- _Task input_:

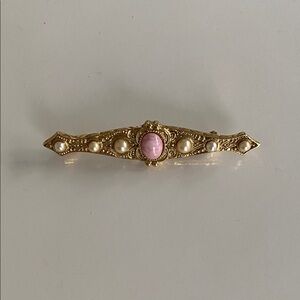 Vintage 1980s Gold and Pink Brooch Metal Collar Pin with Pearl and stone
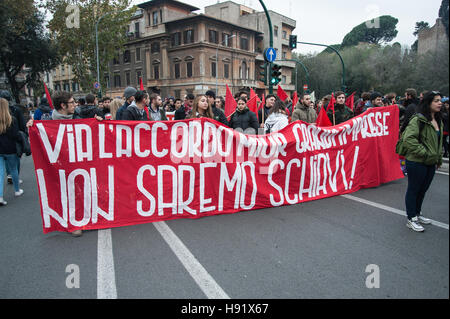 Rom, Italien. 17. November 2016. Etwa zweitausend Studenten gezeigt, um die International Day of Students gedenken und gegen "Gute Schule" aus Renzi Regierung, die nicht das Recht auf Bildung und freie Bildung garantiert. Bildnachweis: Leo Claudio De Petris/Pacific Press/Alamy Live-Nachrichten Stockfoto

==

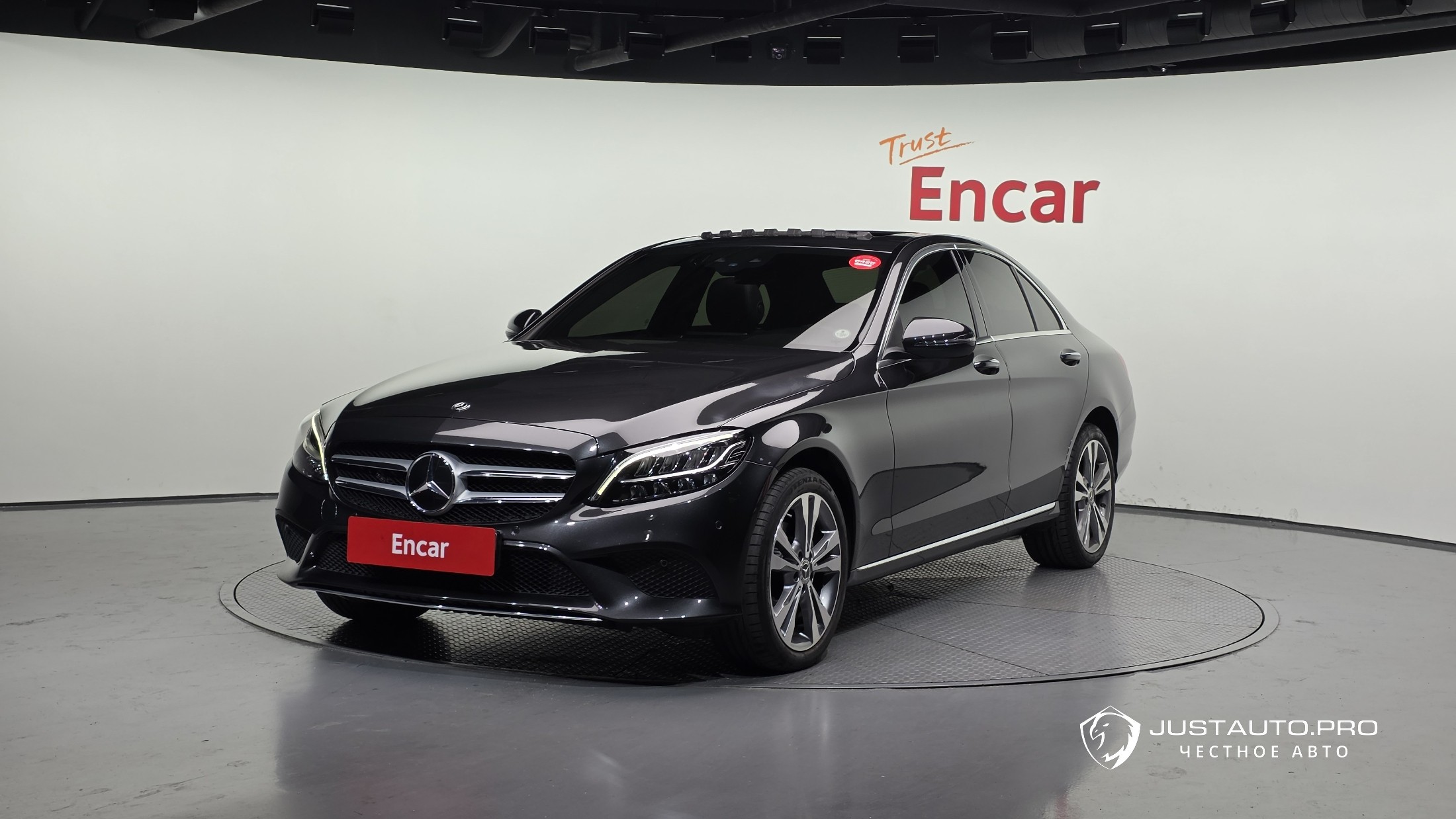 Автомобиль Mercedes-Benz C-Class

- _What is being asked_: Transcribe, word for word, the stretch of lines in the data above from the one with "Vintage 1980s Gold" through the one with "Rom, Italien. 17."; omit all pictures.

- _Result_:
 Vintage 1980s Gold and Pink Brooch Metal Collar Pin with Pearl and stone
 Rom, Italien. 17. November 2016. Etwa zweitausend Studenten gezeigt, um die International Day of Students gedenken und gegen "Gute Schule" aus Renzi Regierung, die nicht das Recht auf Bildung und freie Bildung garantiert. Bildnachweis: Leo Claudio De Petris/Pacific Press/Alamy Live-Nachrichten Stockfoto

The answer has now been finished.